I wrote a prologue for my book this week. It kind of changes the focus of the book in general so now I'm going to need to lightly edit the 3 1/2 other scenes I had finished to match the tone. I don't really mind that. I felt they were missing something anyway. I'm hoping that my prologue will give the main story context and more driving force. I like stories that are clearly going somewhere, not stories that meander or that I can only guess what the point of them is.
But here's the gamble I'm making: the prologue (and the epilogue that will accompany it) make the "main story" essentially one long, complex flashback. The prologue/epilogue are thousands of years later than the main story. This is a format I intend to employ with a least a few books in a series. Each book's "main story" will be a stand alone story, but the prologue/epilogue from book to book will be connected.

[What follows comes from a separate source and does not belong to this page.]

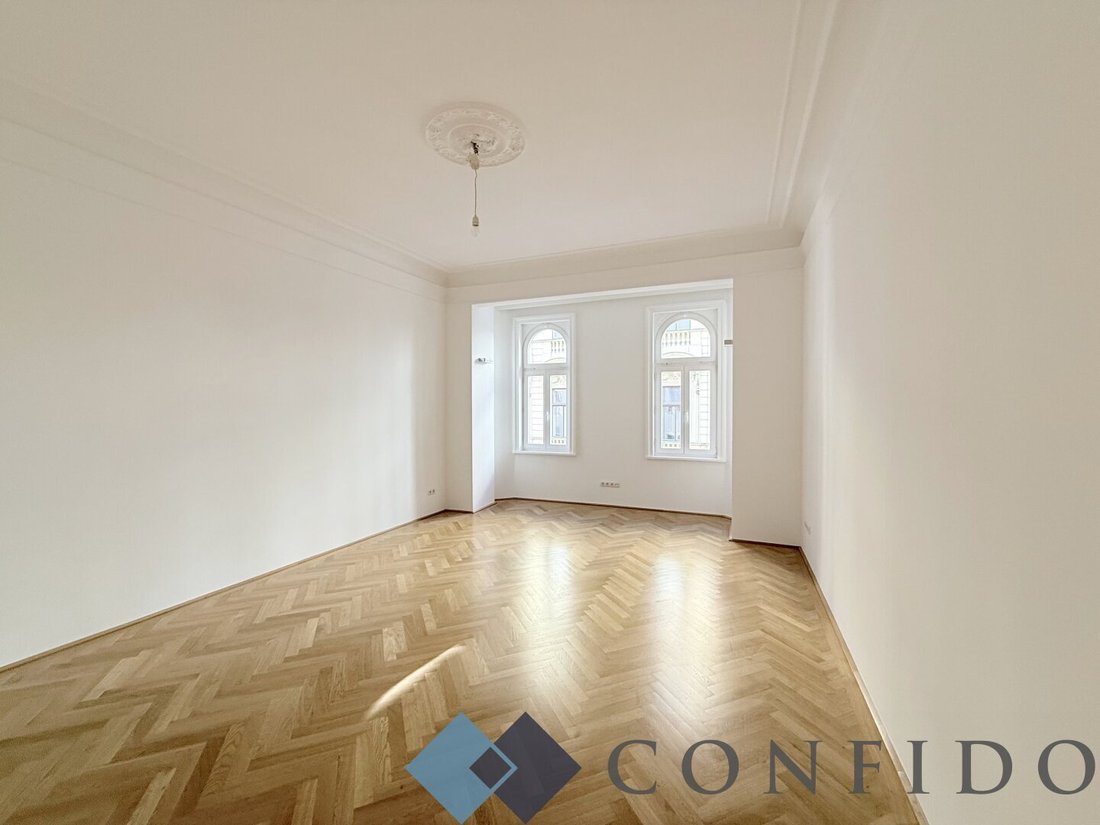 Apartment in Vienna, Wien, Austria 1 - 17526826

Now, every time I see prologues discussed on blogs and forums and such the advice is "Better safe than sorry." In other words, steer clear of them. But I think that part of being a good writer is knowing your target audience and that means knowing the genre that you're writing in. As often as not, the general advice about writing that you find here and there isn't aimed at any particular genre and yet the tropes and expectations from genre to genre are so varied. I think you need to think about when such advice may not necessarily apply to you because of what you write and who your audience is.
I write epic fantasy. And while I haven't read everything the genre has to offer, it seems to me that prologues are an accepted and welcome trope of the genre. And many prologues in epic fantasy will involve some sort of inciting incident from the distant past that set the events of the main story in motion. Large passages of time are usually not an obstacle for epic fantasy readers.

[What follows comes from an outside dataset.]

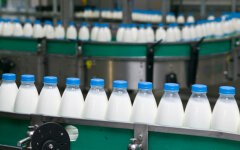 Ціни на молочку / Фото: depositphotos.com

Of course, what I'm doing is sort of the opposite of that. It's entirely possible that essentially making the plot of my book one huge chunk of backstory to the prologue and epilogue will be an unpopular move. I'm one of those weird people who can never get enough of backstory. I just want to know everything and anything that ever happened related in anyway to what is going on now. I fear that I'm an anomaly and that the vast majority of people aren't as obsessed with the history of fictional worlds as I am. Ah well, I can only write the kind of story I would like to read.
Alas, the prologue of 1957 words was my only progress this past week. But it's better than nothing, right? I'm going to try really hard to make more progress during the coming week.
How about you? Do you enjoy prologues? What do you think is the greatest danger of including a prologue?